**EXERCISE OBJECTIVE:**
Only the pictures are dropped; the lines of the material that follow are returned exactly.

**COLLECTED MATERIAL:**
▬▬▬▬▬▬

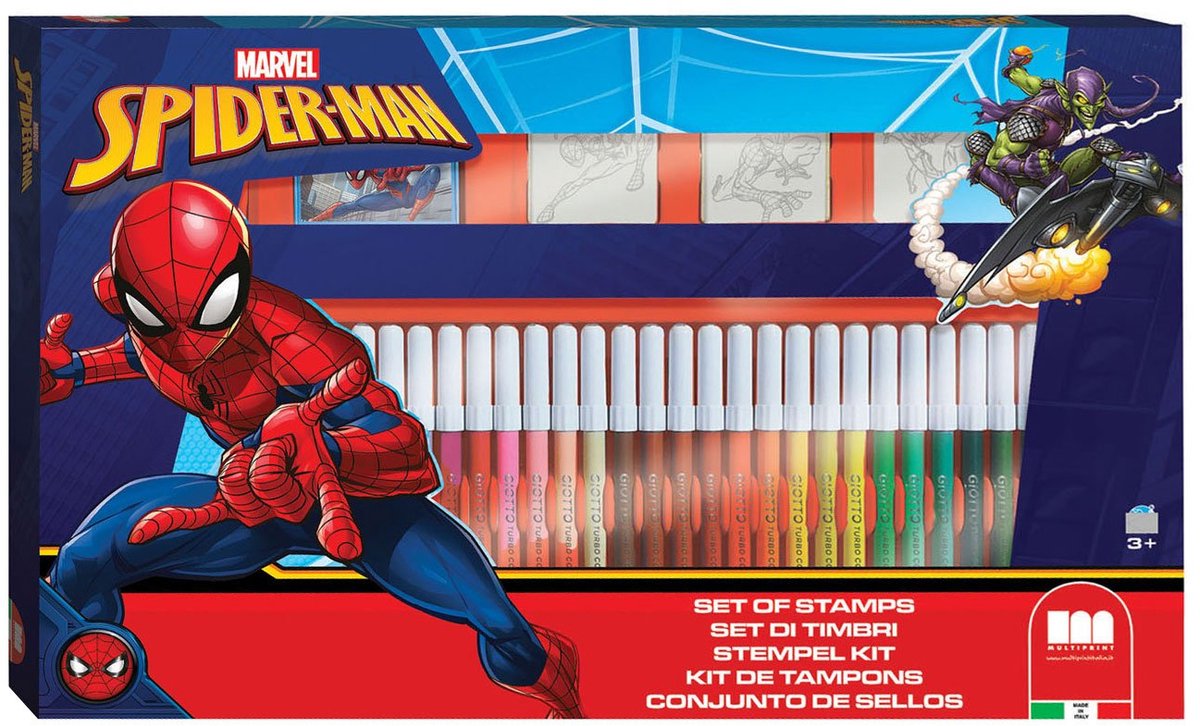 Multiprint Spiderman kleurset met stempels, 41dlg.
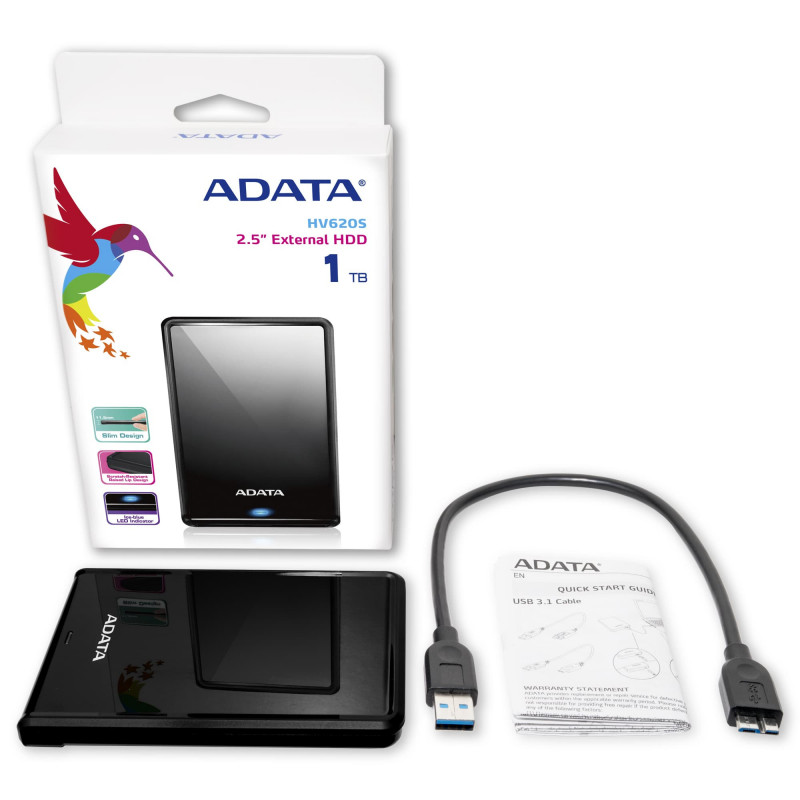 ADATA HV620S ulkoinen kovalevy 1000 GB Musta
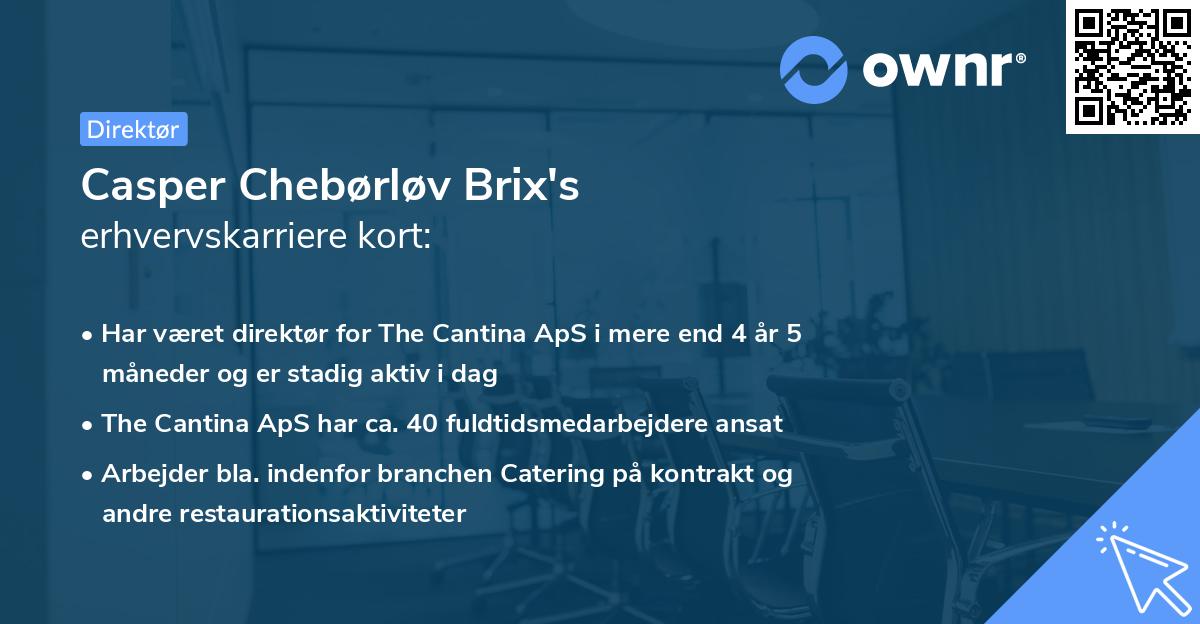 Casper Chebørløv Brix's erhvervskarriere kort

▬▬▬▬▬▬

**FINAL ANSWER:**
 Multiprint Spiderman kleurset met stempels, 41dlg.
 ADATA HV620S ulkoinen kovalevy 1000 GB Musta
 Casper Chebørløv Brix's erhvervskarriere kort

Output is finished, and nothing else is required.